Di en pensarlo, en un comienzo, como una especie de Erik Lönnrot: expresión por demás perfecta del crítico como detective, el lector como razonador de hipótesis que funcionan en los textos y en el mundo. Me ayudó a imaginarlo así una foto de Alejandra López incluida en Primera persona, el libro de entrevistas que Graciela Speranza publicó en 1995. Pero al final tuve que concebirlo, y nunca pude hacerlo del todo, como una especie de Recabarren: el cuerpo inmóvil y la lucidez intacta. Porque Borges, ciego, concibió a Recabarren como lo otro complementario de sí: lo único que podía hacer era ver. Y lo que vio, en “El fin”, lo que Borges le hizo ver, fue la revancha de un duelo entre Martín Fierro y un negro, es decir, la manera en que la tradición no deja de acontecer, de renovarse, de alterarse. Lo mismo, exactamente lo mismo, que Piglia vio, que Piglia nos hizo ver.

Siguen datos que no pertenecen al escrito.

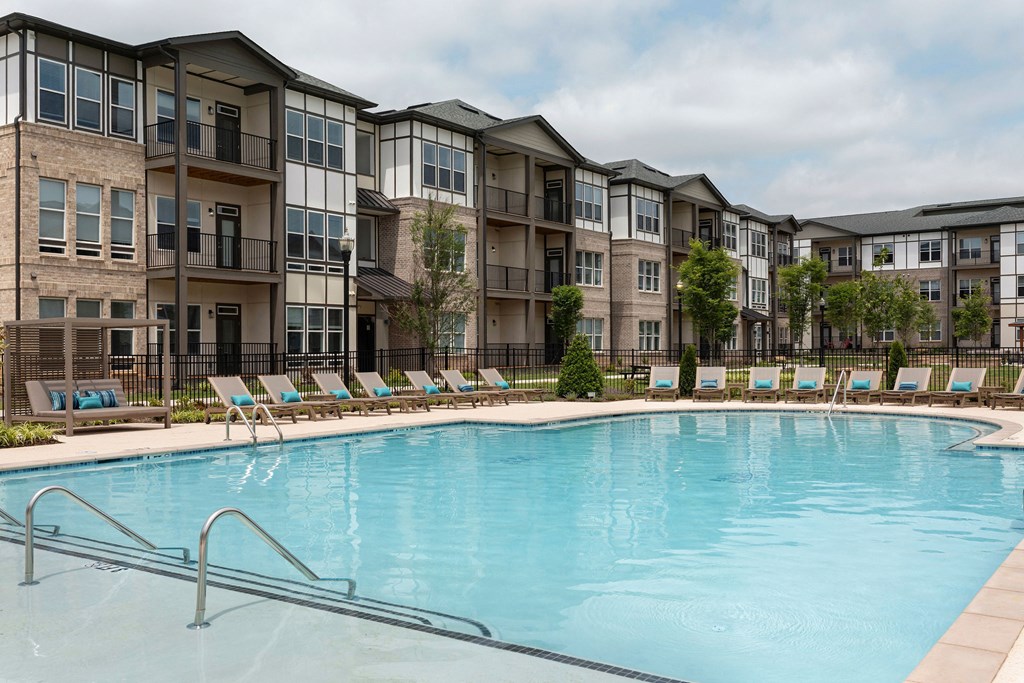 an apartment swimming pool in front of an apartment building at The Cannon, Tennessee, 37130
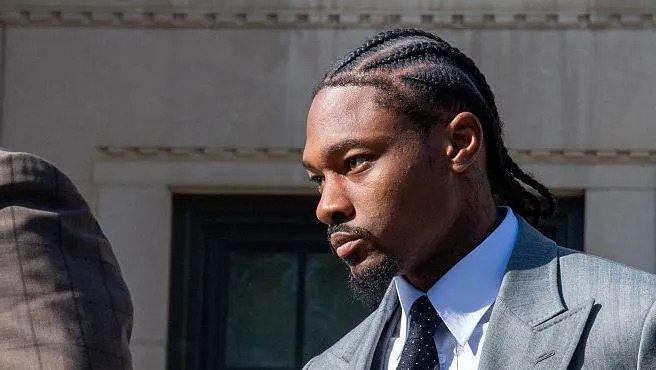 Stefon Diggs, wearing a suit, walks outside a court after the conclusion of a legal case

Horacio González escribió el otro día, aquí en Página 12, que Piglia “en los últimos tiempos escribió con los ojos”. Y eso me permitió entender hasta qué punto había, en efecto, llegado a consumar la utopía de la fusión de la escritura con la lectura. La dificultad y el impedimento admitían ser concebidos también como una forma paradójica de potencia: escribir con la vista, y no con la mano, era escribir como si se leyera, o mejor, literalmente, no era sino escribir leyendo, lo uno con lo otro, lo uno en lo otro.

Presiento que en este párrafo, por ser el último, debería yo ofrecer alguna clase de consuelo para lo que pasó, pero la verdad es que no lo tengo.